- **Problem statement**: Below are records with pictures. Reproduce exactly the lines from the line with "Doctor Scientist in" to the line with "Black protein powder", inclusive, and leave each picture out.

Start of Task data

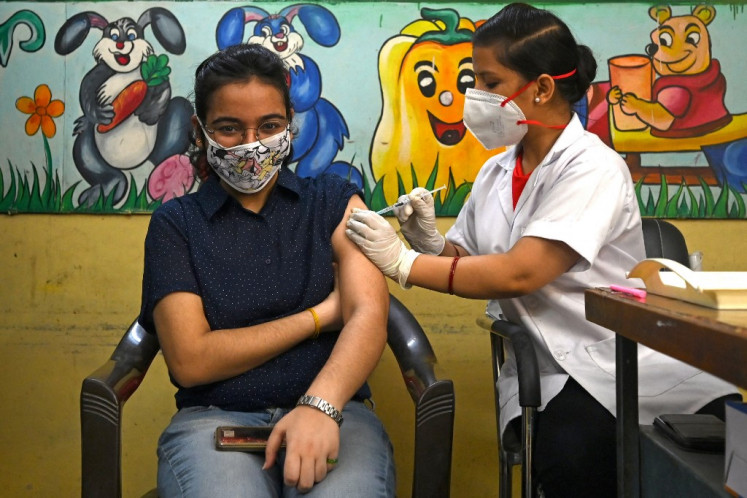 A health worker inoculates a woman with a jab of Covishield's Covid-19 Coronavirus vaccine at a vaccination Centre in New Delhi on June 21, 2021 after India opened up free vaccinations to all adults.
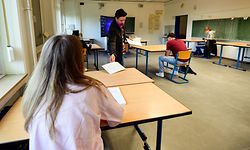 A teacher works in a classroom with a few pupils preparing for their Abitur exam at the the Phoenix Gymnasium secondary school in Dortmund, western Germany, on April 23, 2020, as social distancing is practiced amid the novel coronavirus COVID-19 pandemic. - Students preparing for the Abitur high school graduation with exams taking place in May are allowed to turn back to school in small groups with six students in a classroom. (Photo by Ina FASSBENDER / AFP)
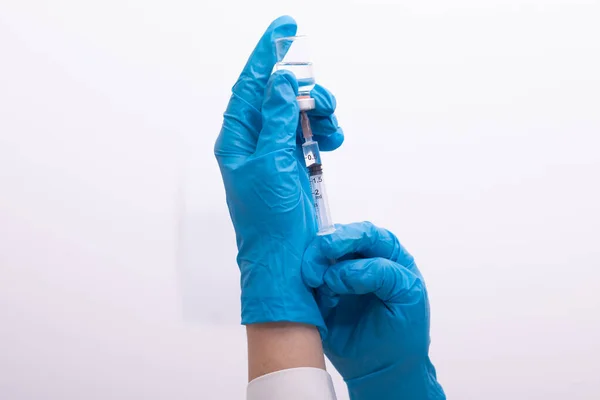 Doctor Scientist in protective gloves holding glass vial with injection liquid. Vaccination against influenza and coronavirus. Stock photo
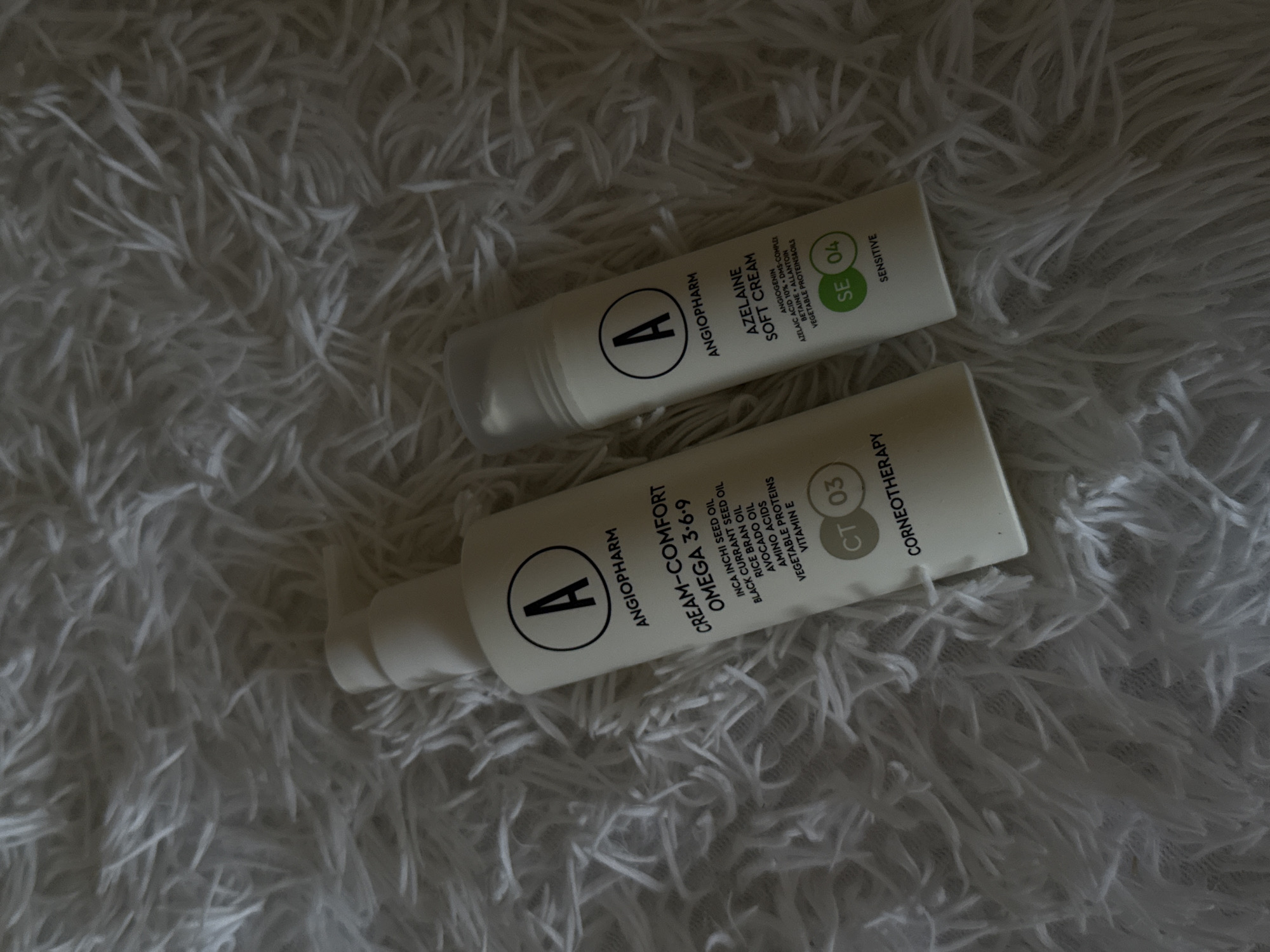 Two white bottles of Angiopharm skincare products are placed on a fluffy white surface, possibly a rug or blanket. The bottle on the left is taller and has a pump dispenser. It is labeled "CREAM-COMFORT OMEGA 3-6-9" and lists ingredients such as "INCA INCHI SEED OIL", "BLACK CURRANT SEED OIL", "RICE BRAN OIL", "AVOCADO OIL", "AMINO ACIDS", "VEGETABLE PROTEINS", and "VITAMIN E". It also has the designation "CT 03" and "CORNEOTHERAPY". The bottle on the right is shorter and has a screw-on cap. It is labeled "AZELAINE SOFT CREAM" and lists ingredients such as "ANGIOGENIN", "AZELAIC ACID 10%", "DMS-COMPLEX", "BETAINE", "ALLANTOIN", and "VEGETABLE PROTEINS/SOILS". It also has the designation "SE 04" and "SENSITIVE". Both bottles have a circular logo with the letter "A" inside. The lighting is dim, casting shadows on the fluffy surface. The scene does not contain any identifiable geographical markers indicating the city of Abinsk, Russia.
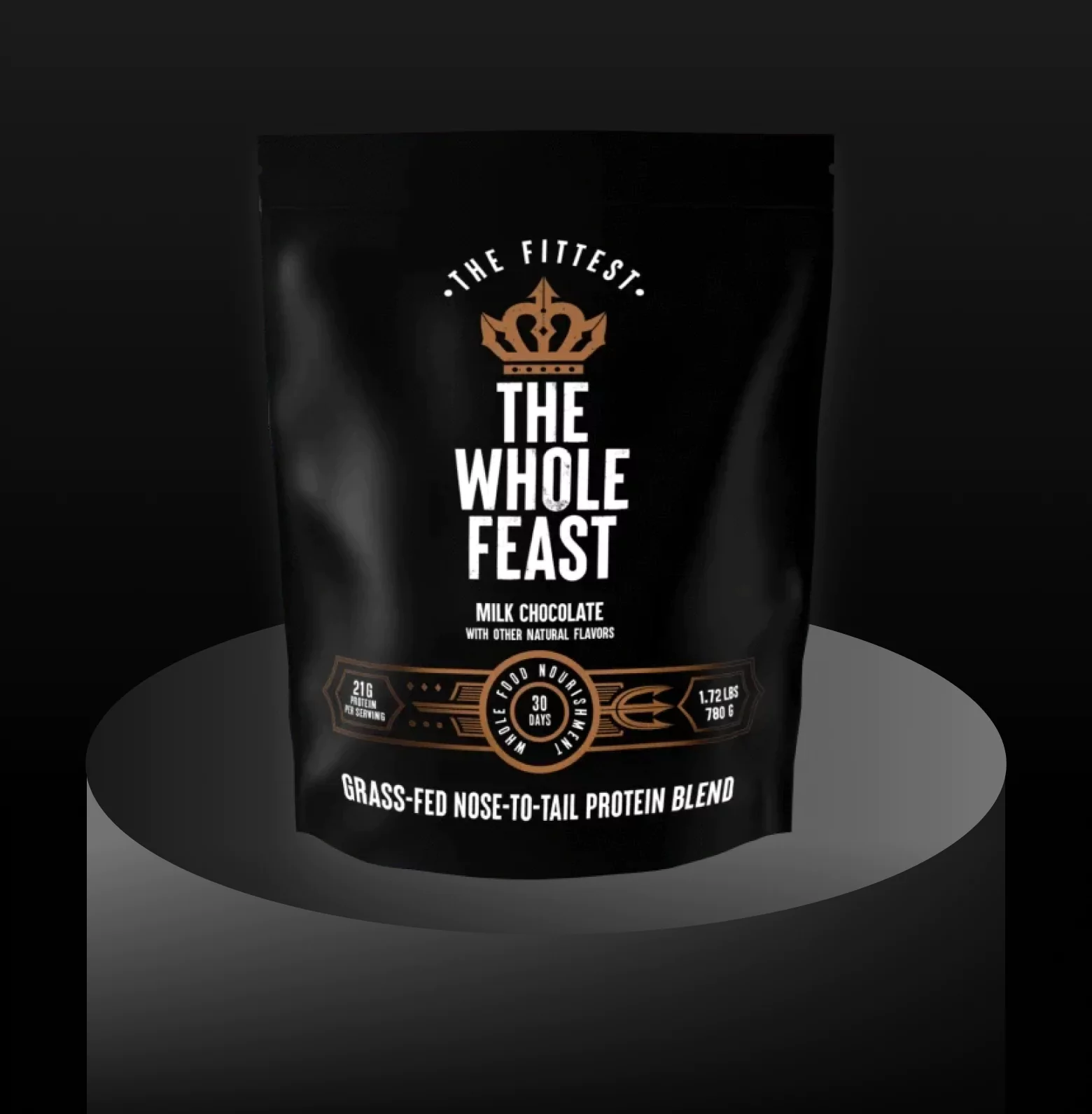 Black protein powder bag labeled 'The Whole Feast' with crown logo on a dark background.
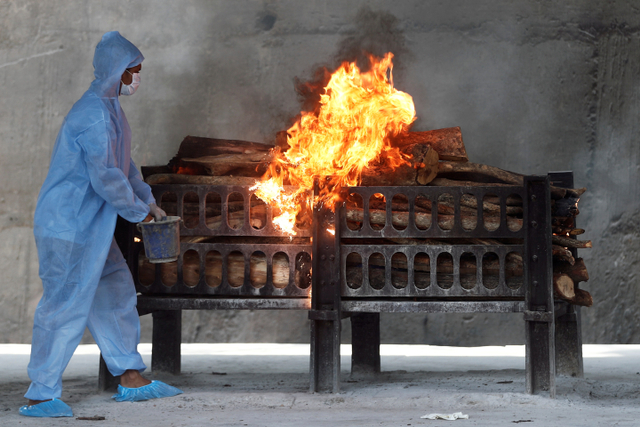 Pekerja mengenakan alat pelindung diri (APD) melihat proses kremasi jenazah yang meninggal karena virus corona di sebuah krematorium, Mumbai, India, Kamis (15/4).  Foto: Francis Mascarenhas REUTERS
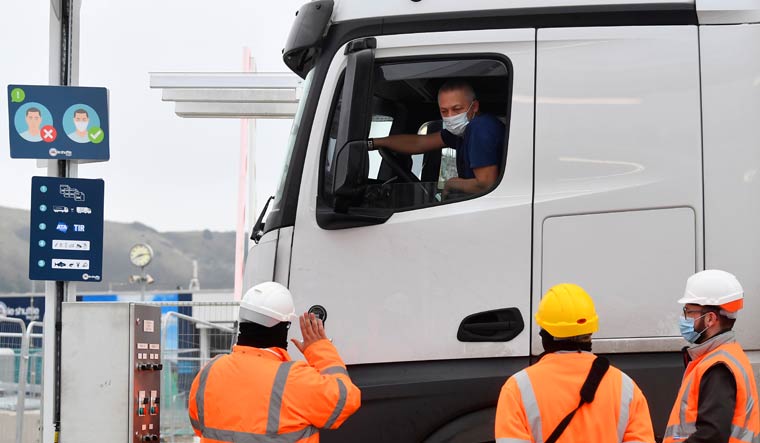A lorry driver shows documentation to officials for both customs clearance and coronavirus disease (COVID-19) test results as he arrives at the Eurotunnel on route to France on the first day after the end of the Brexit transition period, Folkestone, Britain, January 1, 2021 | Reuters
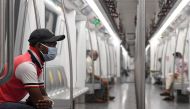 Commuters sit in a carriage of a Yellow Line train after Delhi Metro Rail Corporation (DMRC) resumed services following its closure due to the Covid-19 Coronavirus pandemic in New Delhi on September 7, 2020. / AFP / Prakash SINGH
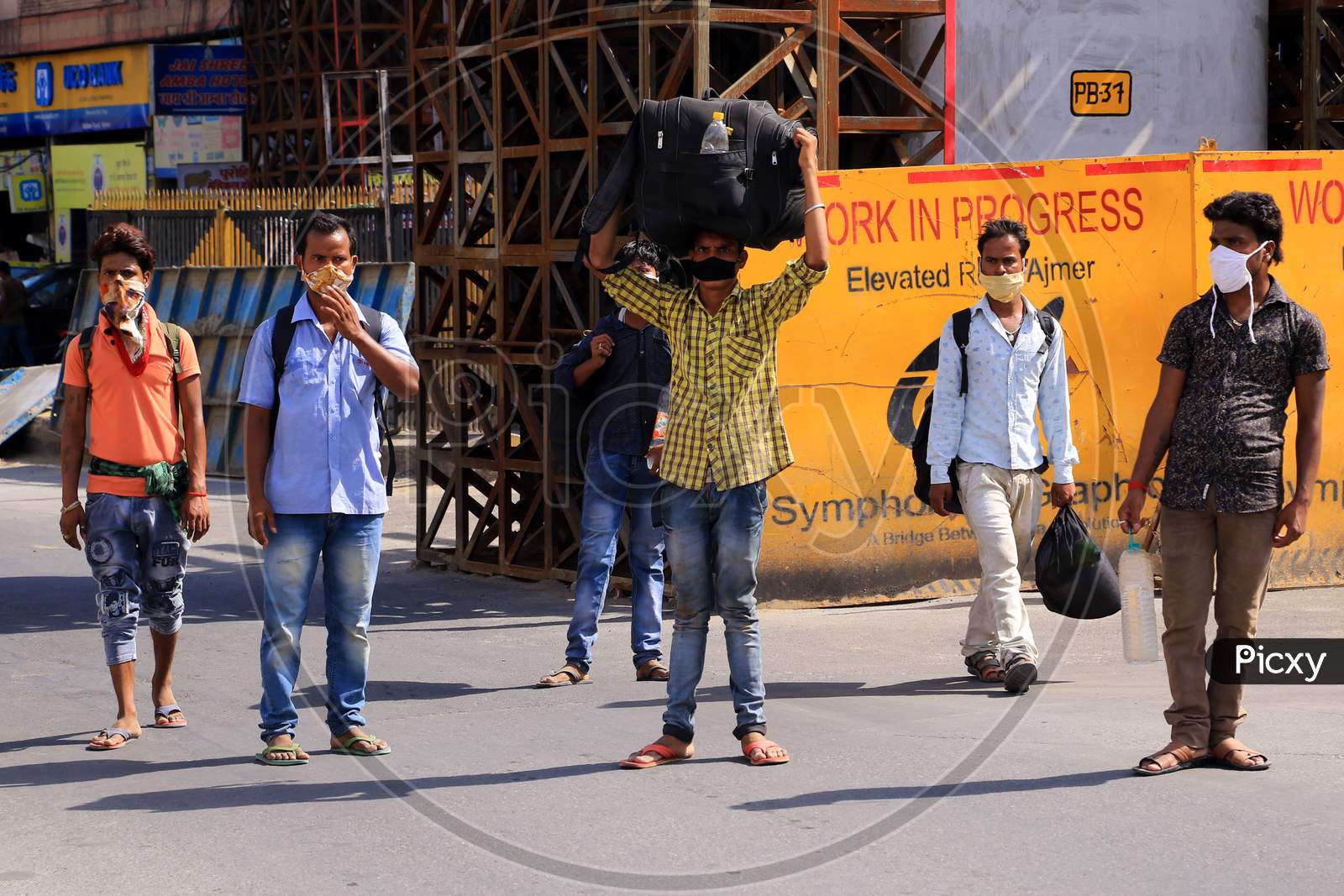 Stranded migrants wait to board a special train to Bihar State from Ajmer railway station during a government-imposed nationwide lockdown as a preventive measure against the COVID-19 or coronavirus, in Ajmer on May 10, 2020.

End of Task data

- **Result for this task**:
 Doctor Scientist in protective gloves holding glass vial with injection liquid. Vaccination against influenza and coronavirus. Stock photo
 Two white bottles of Angiopharm skincare products are placed on a fluffy white surface, possibly a rug or blanket. The bottle on the left is taller and has a pump dispenser. It is labeled "CREAM-COMFORT OMEGA 3-6-9" and lists ingredients such as "INCA INCHI SEED OIL", "BLACK CURRANT SEED OIL", "RICE BRAN OIL", "AVOCADO OIL", "AMINO ACIDS", "VEGETABLE PROTEINS", and "VITAMIN E". It also has the designation "CT 03" and "CORNEOTHERAPY". The bottle on the right is shorter and has a screw-on cap. It is labeled "AZELAINE SOFT CREAM" and lists ingredients such as "ANGIOGENIN", "AZELAIC ACID 10%", "DMS-COMPLEX", "BETAINE", "ALLANTOIN", and "VEGETABLE PROTEINS/SOILS". It also has the designation "SE 04" and "SENSITIVE". Both bottles have a circular logo with the letter "A" inside. The lighting is dim, casting shadows on the fluffy surface. The scene does not contain any identifiable geographical markers indicating the city of Abinsk, Russia.
 Black protein powder bag labeled 'The Whole Feast' with crown logo on a dark background.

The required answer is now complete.